According to FINRA, Crown Capital Securities, L.P. was censured and fined $75,000 on March 11, 2022, for paying approximately $19.3 million in transaction-based compensation to unregistered entities.
The firm paid commissions earned by its registered representatives to corporations and limited liability companies that the representatives had created as doing business as names for their securities businesses. While these entities were disclosed and approved as outside business activities, paying transaction-based compensation to unregistered entities violates FINRA rules designed to ensure that only properly registered and supervised individuals receive securities compensation.
FINRA Rule 2040 exists to maintain the integrity of the registration and supervision system. When commissions are paid to unregistered entities rather than directly to registered individuals, it creates opportunities for evasion of regulatory oversight, makes it more difficult to track conflicts of interest, and can obscure the true recipients of securities compensation.
The firm was also required to certify that all of its commission and payment arrangements, including those paid in connection with networking agreements, comply with FINRA Rule 2040.

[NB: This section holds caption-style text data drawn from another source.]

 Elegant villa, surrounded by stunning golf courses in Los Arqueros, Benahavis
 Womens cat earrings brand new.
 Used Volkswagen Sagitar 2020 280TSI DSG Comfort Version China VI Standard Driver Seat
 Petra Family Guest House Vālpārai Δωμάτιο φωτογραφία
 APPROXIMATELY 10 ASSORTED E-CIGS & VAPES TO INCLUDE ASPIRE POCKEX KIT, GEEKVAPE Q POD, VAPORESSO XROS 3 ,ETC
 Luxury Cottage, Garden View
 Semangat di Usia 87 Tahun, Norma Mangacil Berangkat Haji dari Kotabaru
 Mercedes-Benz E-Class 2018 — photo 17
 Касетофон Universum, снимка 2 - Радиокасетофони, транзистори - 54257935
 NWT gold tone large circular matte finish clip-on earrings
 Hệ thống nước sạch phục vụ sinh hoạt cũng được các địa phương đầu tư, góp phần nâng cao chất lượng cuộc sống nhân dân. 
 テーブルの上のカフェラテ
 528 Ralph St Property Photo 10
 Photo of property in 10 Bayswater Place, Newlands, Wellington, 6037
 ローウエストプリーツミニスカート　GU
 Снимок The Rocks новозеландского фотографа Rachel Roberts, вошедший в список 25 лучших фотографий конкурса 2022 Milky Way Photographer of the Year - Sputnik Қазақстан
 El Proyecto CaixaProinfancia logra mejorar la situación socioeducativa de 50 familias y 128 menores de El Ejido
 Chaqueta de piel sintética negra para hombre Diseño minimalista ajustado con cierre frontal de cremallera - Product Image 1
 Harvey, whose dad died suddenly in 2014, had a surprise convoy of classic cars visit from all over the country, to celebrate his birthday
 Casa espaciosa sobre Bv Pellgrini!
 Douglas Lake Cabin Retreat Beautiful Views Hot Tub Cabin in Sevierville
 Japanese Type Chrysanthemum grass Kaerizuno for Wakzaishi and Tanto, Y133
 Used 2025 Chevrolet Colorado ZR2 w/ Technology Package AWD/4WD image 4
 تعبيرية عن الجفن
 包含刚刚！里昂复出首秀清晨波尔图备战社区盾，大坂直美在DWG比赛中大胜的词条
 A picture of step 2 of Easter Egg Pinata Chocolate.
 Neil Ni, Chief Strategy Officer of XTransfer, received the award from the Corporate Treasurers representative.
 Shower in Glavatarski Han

This case demonstrates that even when outside business activities are properly disclosed and approved, firms cannot use those entities as conduits for securities compensation that should be paid to registered individuals. The structure and flow of compensation in the securities industry is regulated for important investor protection reasons.
Investors should understand that their financial professionals must be properly registered, and the compensation arrangements should be transparent. Complex payment structures involving multiple entities can sometimes be red flags for regulatory avoidance or attempts to obscure conflicts of interest.